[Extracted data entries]

Start of Block

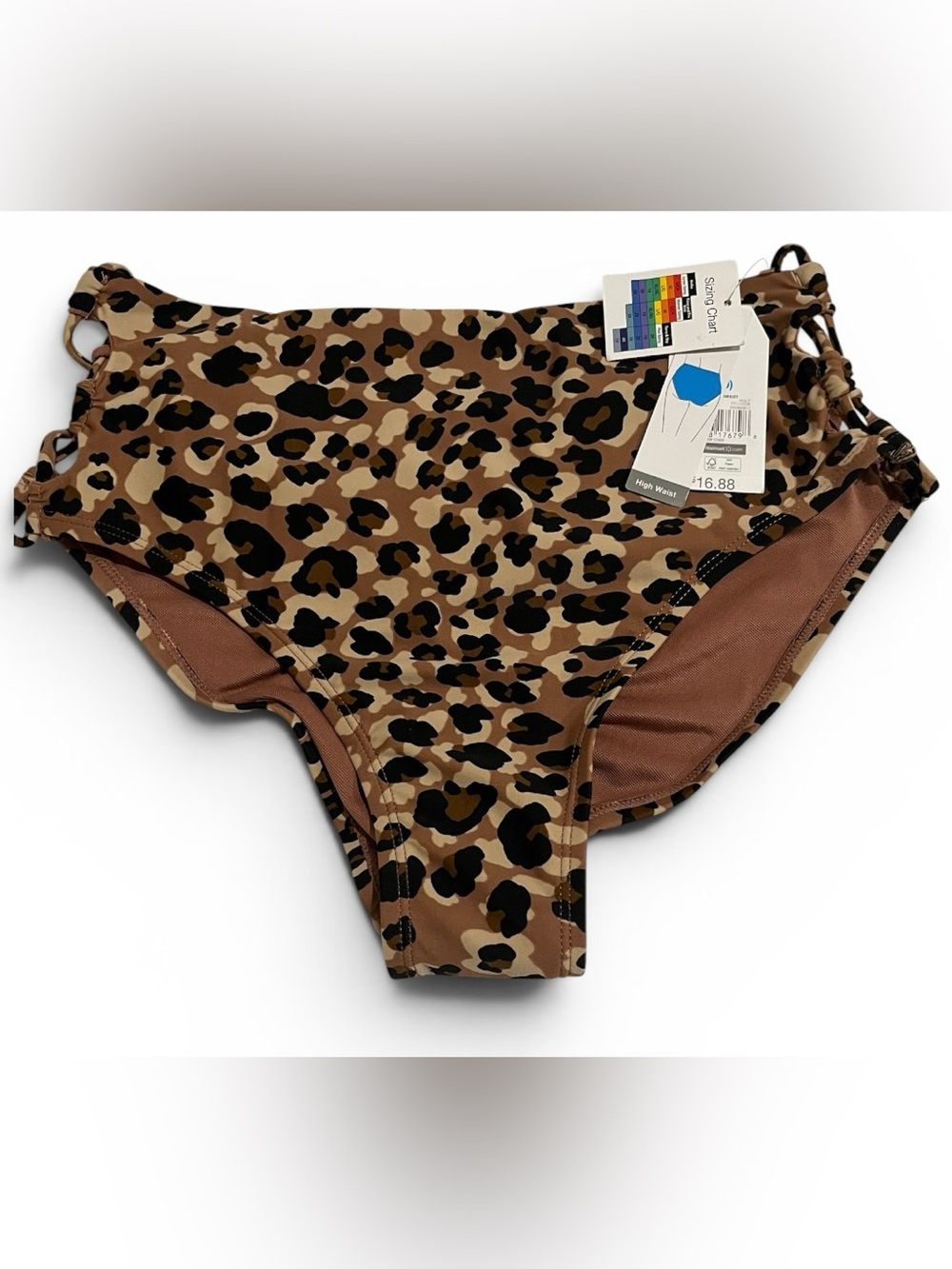 Time and Tru NWT Brown Leopard Print High Waist Bottom Bikini.   Size M 8-10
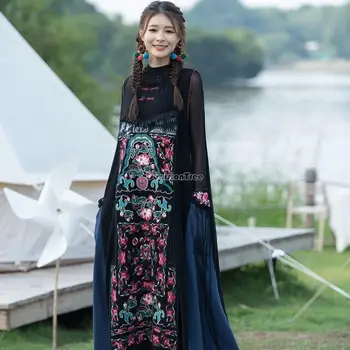 2023 традиционное китайское винтажное платье с национальной цветочной вышивкой без рукавов, длинное платье из хлопка и льна в стиле ретро, повседневное платье чонсам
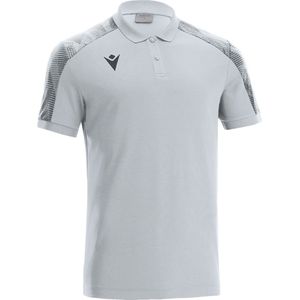 Macron Excellence Rock Polo Kinderen - Zilver / Antraciet | Maat: 7-8 Y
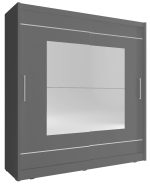 Ντουλάπα Walla συρόμενη-180 x 62 x 200 εκ.-Γκρι - Image 2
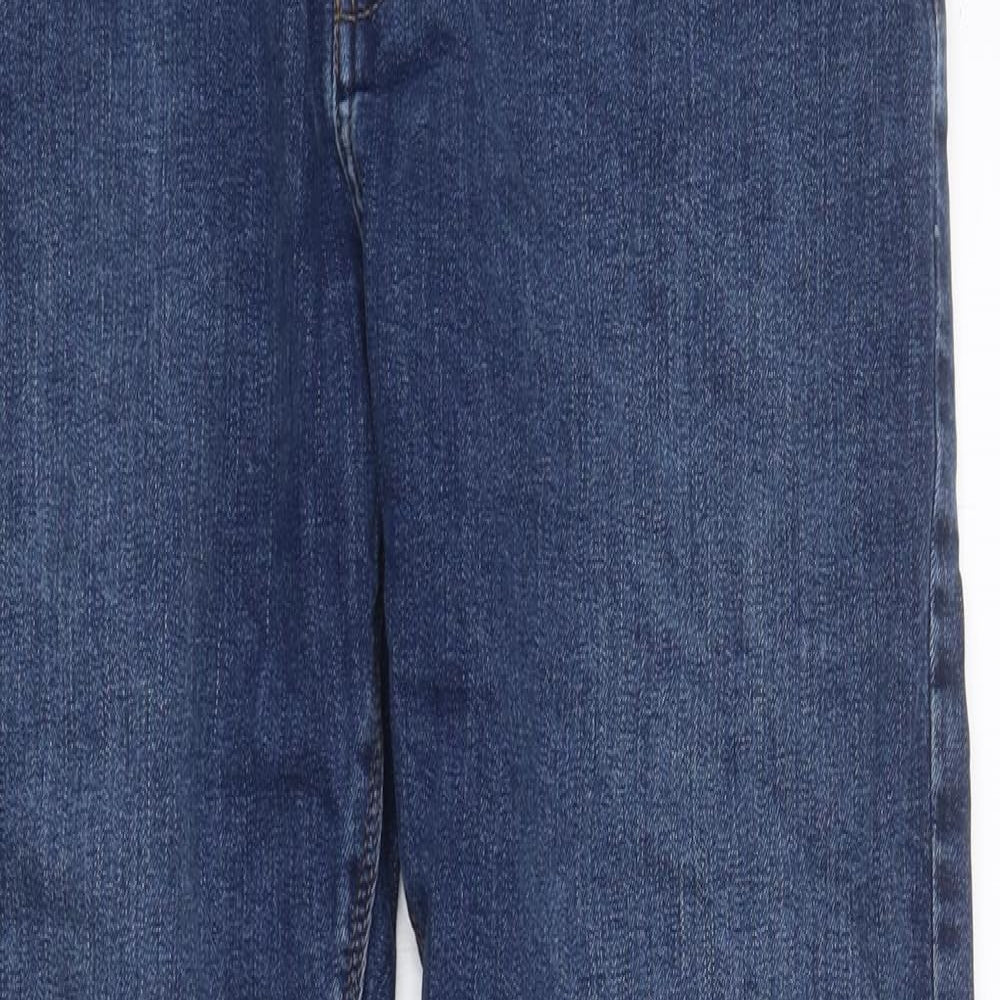 Marks and Spencer Mens Blue Cotton Skinny Jeans Size 34 in L33 in Slim Zip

End of Block

→ **WHAT IS NEEDED**:
Having removed the pictures, write out the records exactly as they stand.

→ **EXERCISE ANSWER**:
 Time and Tru NWT Brown Leopard Print High Waist Bottom Bikini.   Size M 8-10
 2023 традиционное китайское винтажное платье с национальной цветочной вышивкой без рукавов, длинное платье из хлопка и льна в стиле ретро, повседневное платье чонсам
 Macron Excellence Rock Polo Kinderen - Zilver / Antraciet | Maat: 7-8 Y
 Ντουλάπα Walla συρόμενη-180 x 62 x 200 εκ.-Γκρι - Image 2
 Marks and Spencer Mens Blue Cotton Skinny Jeans Size 34 in L33 in Slim Zip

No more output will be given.